Tratando de pasar en limpio podría más o menos esbozarse el siguiente intento de síntesis. Al mismo tiempo que el doctor Watson (Jude Law) está a punto de contraer matrimonio con su pelirroja prometida (Kelly Reilly), una ola de atentados con bombas sacude a Europa. Podrían ser los anarquistas o, tal vez, su contrario: los ultranacionalistas (dice un cartel inicial, en un impensado comentario político para una serie que transcurre dentro de un frasco). ¿O podría ser tal vez el profesor Moriarty, “el Napoleón del crimen”? Los conandófilos saben bien quién es Moriarty: la contracara de Holmes, su principal enemigo, su némesis. Encarnado por el también pelirrojo Jared Harris, Moriarty es intelectualmente tan brillante como Holmes e igual de resuelto, misantrópico, genial y excéntrico.

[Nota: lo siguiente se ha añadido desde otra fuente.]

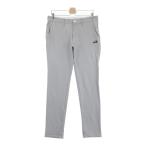 NEW BALANCE GOLF New balance stretch pants gray series 5 Golf wear men's 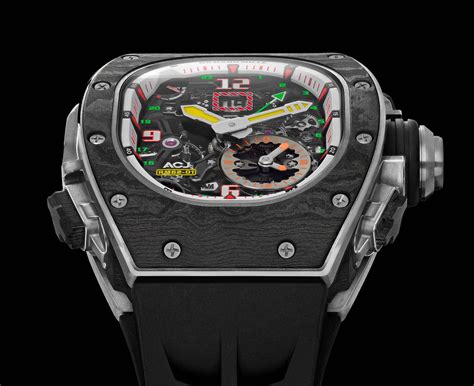 hodinky richard mille|Richard Mille cennik.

Reconocido matemático, ajedrecista capaz de jugar sin mirar el tablero, dilettante de la ópera, Moriarty es un cerebro del mal capaz de planear una gigantesca conspiración, que eventualmente termine llevando a Europa entera a una guerra mundial adelantada en un par de décadas... per codere, nomás. Lo cual también lo iguala al vecino de Baker Street, que no hace lo que hace por dinero, ambición o sentido del deber, sino porque es lo que le gusta.
Holmes, Watson y una vidente de feria (la sueca Noomi Rapace, que fue Lisbeth Salander en la versión original de la saga Millennium) persiguen a Moriarty a través de toda Europa y hasta su propio nido, un bunker artillado en el que torturará al héroe. Como Goldfinger a Bond: desde la anterior está clarísimo que el Holmes de Ritchie es más Bond que Holmes, y aquí los músculos de Robert Downey, su cancherismo cool, el campeonato de ingeniosidades que libra con quienes lo rodean y la suma de persecuciones, explosiones y armas secretas no hacen más que confirmarlo. Pero el Holmes de Ritchie es, claro, un Bond posmoderno, poscine de artes marciales (todas las peleas cuerpo a cuerpo son como de Bruce Lee, pasadas en velocidad x 20) y post Matrix: ver los ralentis ralentísimos que coronan dos de cada tres combates. A un par de escenas se reduce la participación de Rachel McAdams, tercera del elenco en la Holmes anterior, a otro par la de la señora Watson (a quien Holmes tira de un tren, y nadie dice nada) y a otro más, pero más cortas, la del inspector Lestade, que está como de compromiso. El que goza de mayor porcentaje de participación es Stephen Fry, que en el papel de Mycroft Holmes, hermano de Sherlock y diplomático del British Empire (recordar que la suerte de Europa entera está en juego) compone a uno de esos tilingos de nariz parada y gesto desdeñoso que tantos odios le han ganado a muchos súbditos de la reina en el mundo entero.